1. Keterbatasan Waktu untuk Hak Initiatief
Hari Rabu, satu-satunya hari di mana hak Initiatief dapat digunakan, sudah ditentukan bahwa sebagian besar waktu (lima perenam bagian) digunakan untuk membahas usulan pemerintah. Akibatnya, hanya seperenam waktu yang dialokasikan untuk inisiatif anggota parlemen. Tan Malaka mengkritik sistem ini sebagai cara efektif untuk melemahkan fungsi hak Initiatief.
2. Rendahnya Respons Pemerintah terhadap Usulan Parlemen
Dari 100 usulan yang diajukan oleh parlemen selama periode Februari hingga Mei 1907, tidak ada satu pun yang diterima pemerintah. Hal ini menunjukkan bahwa pemerintah Jerman tidak menganggap serius hak Initiatief sebagai bagian dari mekanisme demokrasi.
3. Kritik terhadap Efektivitas Hak Initiatief
Tan Malaka mempertanyakan kegunaan hak Initiatief dalam kondisi seperti ini. Ketika hak tersebut diabaikan oleh pemerintah dan tidak didukung dengan mekanisme untuk memastikan implementasinya, hak ini kehilangan fungsinya sebagai alat pengawasan terhadap pemerintah.
H. Ketidakefektifan Parlemen dalam Menentang Pemerintah
Parlemen Jerman tidak hanya gagal dalam memanfaatkan hak Initiatief, tetapi juga tidak mampu menunjukkan sikap tegas terhadap pemerintah. Tan Malaka memperbandingkan parlemen Jerman dengan parlemen Inggris, yang memiliki mekanisme untuk mengawasi pemerintah secara efektif.
1. Ketiadaan Tindakan Obstruktif
Di Inggris, parlemen memiliki kemampuan untuk melancarkan aksi obstructie (obstruksi) untuk menghambat usulan pemerintah yang tidak disetujui. Cara ini dilakukan dengan berbagai muslihat, seperti membuat kericuhan dalam sidang, menyampaikan pidato panjang, atau menggunakan prosedur lain untuk mencegah pembahasan usulan pemerintah. Tan Malaka mencatat bahwa parlemen Jerman tidak pernah menggunakan pendekatan semacam ini, yang menunjukkan kelemahan dan ketidaktegasan dalam menghadapi pemerintah.

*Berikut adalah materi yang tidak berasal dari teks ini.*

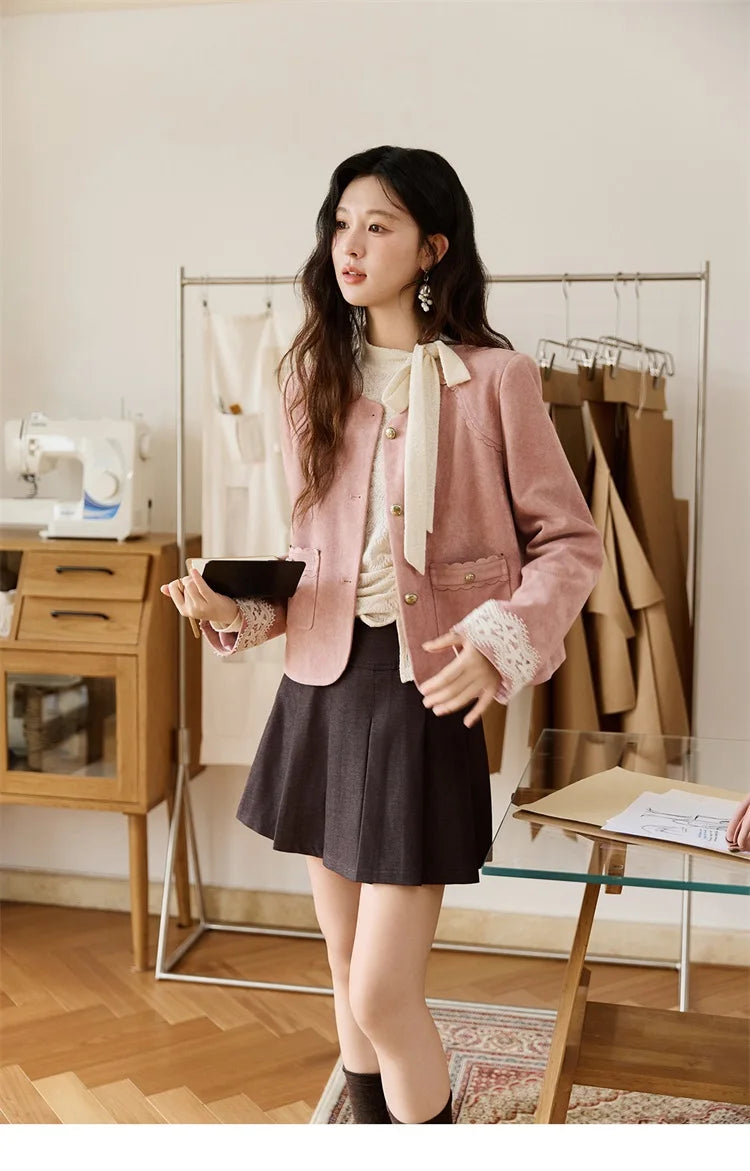 MISHOW Fragrant Suede Jacket for Women Autumn 2025 Cuffs Hollowed Out Lace Short Coats O-neck Metal Button Jackets MXE46W0839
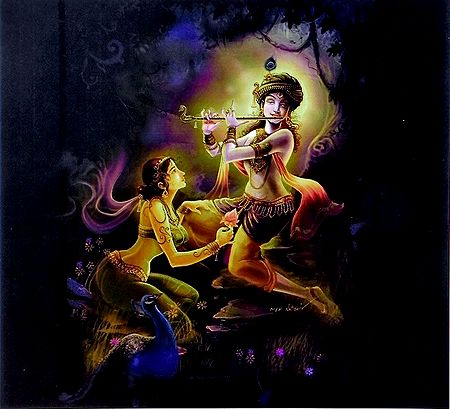 Radha Enjoying the Melody of Krishna's Flute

2. Kekurangan Keberanian untuk Melawan Pemerintah
Menurut Tan Malaka, kelemahan parlemen Jerman adalah ketidakmampuannya untuk melawan dominasi pemerintah secara sistematis. Bahkan ketika pemerintah secara terang-terangan mengabaikan usulan parlemen, para wakil rakyat tidak memperlihatkan keberanian atau kesatuan untuk menentang tindakan tersebut.
3. Hak Interpelasi: Peluang yang Tidak Dimanfaatkan
Hak Interpellatie (interpelasi) memberikan kewenangan kepada anggota parlemen untuk mengajukan pertanyaan kepada pemerintah tentang kebijakan dan tindakan mereka. Tan Malaka membandingkan penerapan hak ini di Inggris dan Jerman.
a) Penerapan di Inggris
Di Inggris, hak interpelasi digunakan sebagai alat untuk mengawasi pemerintah. Anggota parlemen dapat menanyakan tindakan menteri secara langsung, dan menteri yang bersangkutan wajib memberikan jawaban di hadapan parlemen. Mekanisme ini memastikan bahwa rakyat dapat mengetahui dan menilai kebijakan pemerintah secara transparan.
b) Kegagalan di Jerman
Di Jerman, hak interpelasi tidak dimanfaatkan secara maksimal. Meskipun secara teori anggota parlemen memiliki hak untuk meminta penjelasan dari pemerintah, pada praktiknya hak ini sering kali diabaikan oleh pemerintah atau dijawab secara formalitas tanpa makna substantif. Hal ini semakin memperkuat posisi pemerintah dan melemahkan fungsi pengawasan parlemen.